After introduction, presentation of participants and formulation of the working rules, which also included basic rules of restorative two-way communication that is optimal for solving and preventing conflicts, project ALTERNATIVE and the VDS research Fostering victim-oriented dialogue in a multi-ethnic society were introduced to the participants.
Through presentation and film about local research sites participants were introduced to the research conducted by the Victimology Society of Serbia on state’s and civil society’s dealing with interethnic and related political and intercultural conflicts in Serbia and on the interethnic relations, existing conflicts and ways of dealing with them by citizens in multi-ethnic communities in Serbia. Particular focus was on the key findings of the empirical research on conflicts that have been evolving during and after the wars in the former Yugoslavia between members of different ethnic groups in three multi-ethnic communities in Serbia, ranging from insults and threats, to different forms of violence, forced leaving of the place of residence and murders of family members, and the way people have been solving them, which was conducted in 2013. This was followed by the work in small groups, moderated on predefined questions in which participants’ discussion was based on the selected results of the empirical research on the feeling of security and the mechanisms suitable to achieve justice in cases of interethnic victimisation.

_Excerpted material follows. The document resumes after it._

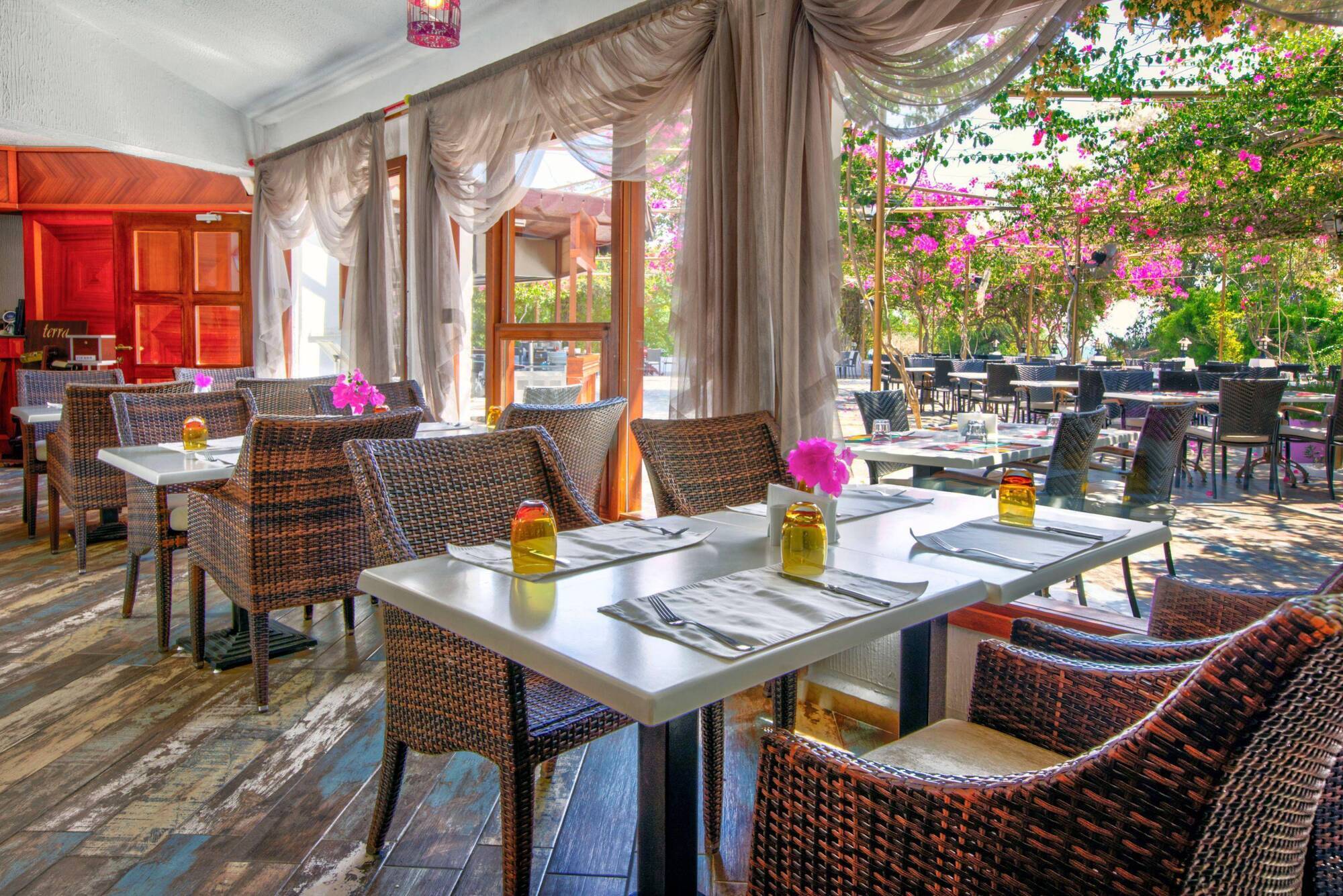 Merit Cyprus Gardens Holiday Famagusta  Esterno foto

The aim of the discussion was to see in which way participants explain certain findings, what is their knowledge and experience on the issues of security and justice related to multi-ethnic relations and what is the situation like in their local communities.
In the second part of the workshop, the ongoing action research of the Victimology Society of Serbia, which was implemented during 2014 in the form of participative seminars ‘From the conflict toward the peaceful life in the community’ was presented. This was an introduction to the exchange of participants’ experiences about their previous activities related to dealing with interethnic conflicts and the use of restorative dialogue or other restorative justice approaches in their local or wider community, and discussion about further work on developing and promoting restorative approaches for conflict transformation in multi-ethnic communities. What came into fore was the fact that almost all participants implemented restorative approaches in their work, particularly emphasising importance of encounters and restorative dialogue in different settings and situations (e.g. inter- and intra-ethnic conflicts, encounters of war veterans, trainings on peaceful and non-violent conflict resolution for members of different ethnic groups etc.), but they were not aware that what they did was actually restorative justice. For instance, an Albanian from South Serbia gave several interesting examples of using restorative dialogue in order to reconcile families in his local community in different situations: e.g. to stop, at least for a certain period of time, a threat from the blood revenge, or to achieve reconciliation and prevent new conflicts in the aftermath of the fight between Serbian and Albanian youngsters.
During the final part, participants shared ideas on possible forms of future cooperation. Thus, the workshop was a good way to disseminate the research results, but also to work on further networking with civil society organisations and individuals from Serbia and former Yugoslavia with the goal to promote restorative approaches in solving and preventing conflicts in multi-ethnic communities.